Cet interrogatoire agressif faisait merveille sur une nature aussi fragile :

— Il… Il est possible que j’aie touché cette fiole, mais…

— Très possible, en effet ! Avez-vous prélevé une partie du contenu de cette fiole ?

— Absolument pas !

— Alors pourquoi l’avez-vous touchée ?

— J’ai fait des études de médecine, et ces choses-là m’intéressent tout naturellement.

— Ah ! Ainsi, les poisons vous intéressent ? Vous n’en avez pas moins attendu d’être seul pour satisfaire cet « intérêt », n’est-ce pas ?

— Non, c’était par hasard. Si les autres avaient été là, j’en aurais fait autant.

— Mais à ce moment, justement, les autres n’étaient pas là.

— C’est exact, mais…

— Pendant tout l’après-midi, vous n’avez été seul que deux minutes. Or, il semble que vous ayez précisément profité de ces deux minutes pour satisfaire votre « intérêt » pour l’hydrochlorure de strychnine.

— Je… je…, bredouilla pitoyablement Lawrence.

Visiblement satisfait, sir Ernest conclut, le visage empreint d’une expression pleine de sous-entendus :

— Je n’ai pas d’autre question à vous poser, Mr Cavendish.

Cet interrogatoire avait déclenché l’émoi dans la salle. Les élégantes de l’assistance, tête contre tête, se chuchotaient leurs commentaires. Et le brouhaha devint tel que le juge menaça de faire évacuer la salle.

Il y eut encore quelques témoignages. Des experts en graphologie vinrent donner leurs conclusions sur la signature apposée dans le registre de la pharmacie. Tous affirmèrent que c’était un faux, et qu’il pouvait s’agir de l’écriture déguisée de l’accusé. Poussés dans leurs retranchements, ils admirent qu’il pouvait également s’agir d’une habile contrefaçon de l’écriture de l’accusé.

La plaidoirie que prononça sir Ernest Heavywether pour la défense ne dura guère, mais fut rehaussée par l’éloquence emphatique du personnage. Jamais, au cours de sa longue carrière, affirma-t-il, il n’avait vu un homme accusé d’homicide volontaire sur des preuves plus légères. Elles étaient indirectes, et la plupart d’entre elles ne résistaient pas à l’analyse. Que le jury prenne la peine d’étudier en détail, et avec toute l’impartialité souhaitable, ce qu’on pouvait tirer des dépositions. De la strychnine avait été découverte dans un tiroir de la commode se trouvant dans la chambre de l’accusé. Or, ce tiroir n’était pas fermé à clef. On ne pouvait en déduire formellement que l’accusé y eût caché le poison ; pour sa part, sir Ernest y voyait la mise en scène diabolique d’une tierce personne cherchant à faire porter les soupçons sur son client. Le ministère public avait été incapable de prouver que John Cavendish avait effectivement commandé la barbe noire chez Parkson & Parkson. Quant à la querelle qui avait opposé l’accusé à sa belle-mère, elle avait certes eu lieu, mais on en avait décuplé l’importance, tout comme on avait exagéré ses problèmes financiers.

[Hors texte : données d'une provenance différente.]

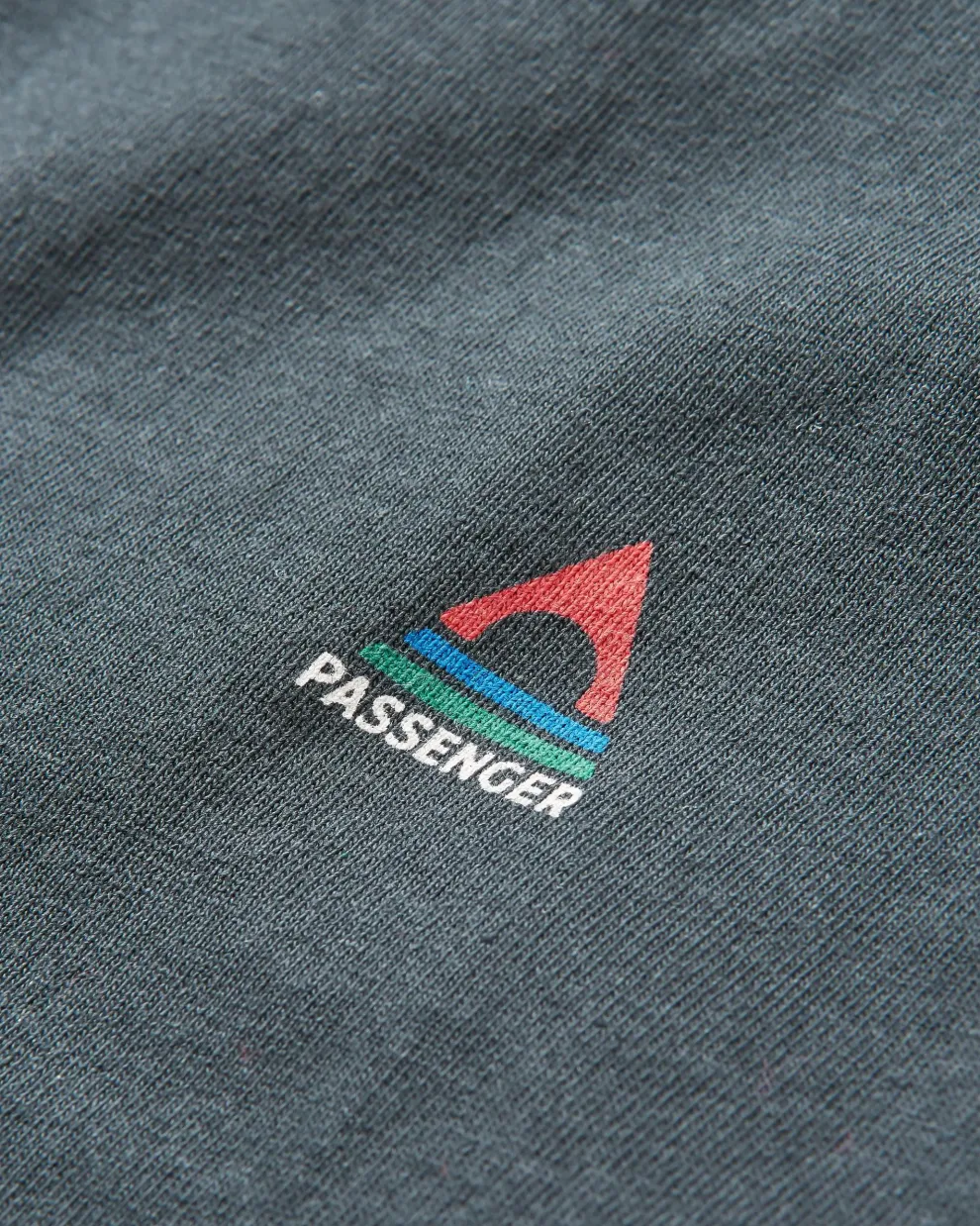 Classic Recycled T-Shirt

Son éminent confrère (sir Ernest désigna sir Philips d’un signe de tête désinvolte) avait relevé que, si l’accusé était innocent, il aurait dû déclarer spontanément que la personne qui s’était querellée avec Mrs Inglethorp n’était pas son mari mais lui-même. Sir Ernest pensait que les faits avaient été mal présentés Voici, en fait, ce qui s’était passé : à son retour à Styles Court, le mardi soir, John Cavendish avait appris de source sûre qu’une violente querelle avait opposé Mr et Mrs Inglethorp. L’accusé n’avait pas imaginé un instant qu’on pût confondre sa voix avec celle de Mr Inglethorp ; il en avait donc conclu que sa belle-mère avait eu deux altercations dans la même journée.

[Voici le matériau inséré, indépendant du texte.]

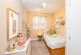 Additional image 7 of Plot 293, The Hazel at Tor View, Tavistock, Callington Road PL19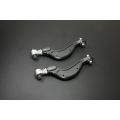 Hardrace Rear Upper Camber Kit For Bmw 5 Series 7 Series 8 Series
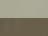 Safari/ Stone Green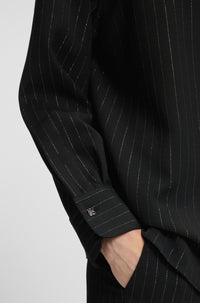 OPEN MISCELLANEOUS // TAILORED BLOUSES ESKIL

Le lundi 16 juillet, prétendait l’accusation, John Cavendish avait poussé la porte de la pharmacie du village, sous l’apparence de Mr Alfred Inglethorp. En réalité, l’accusé se trouvait à ce moment précis dans un endroit reculé appelé Marston’s Spinney, attiré là par une lettre anonyme qui le menaçait de révéler à son épouse certains de ses agissements s’il ne se rendait pas à ce rendez-vous. John Cavendish avait donc obtempéré, et attendu en vain pendant une demi-heure, avant de rentrer à Styles Court. La malchance avait voulu qu’il ne rencontrât personne en chemin : il ne pouvait par conséquent produire aucun témoin pour alléguer ses dires. Néanmoins, il avait eu la bonne idée de conserver la lettre de chantage, qu’il tenait à la disposition de la justice.

En ce qui concernait le testament détruit, l’accusé, de par sa formation d’avocat, savait fort bien que le testament en sa faveur était automatiquement annulé par le remariage de sa belle-mère. Sir Ernest avait l’intention d’appeler à la barre plusieurs témoins afin de déterminer qui avait brûlé le testament, et il était fort possible que l’affaire prenne à cette occasion un tour bien différent.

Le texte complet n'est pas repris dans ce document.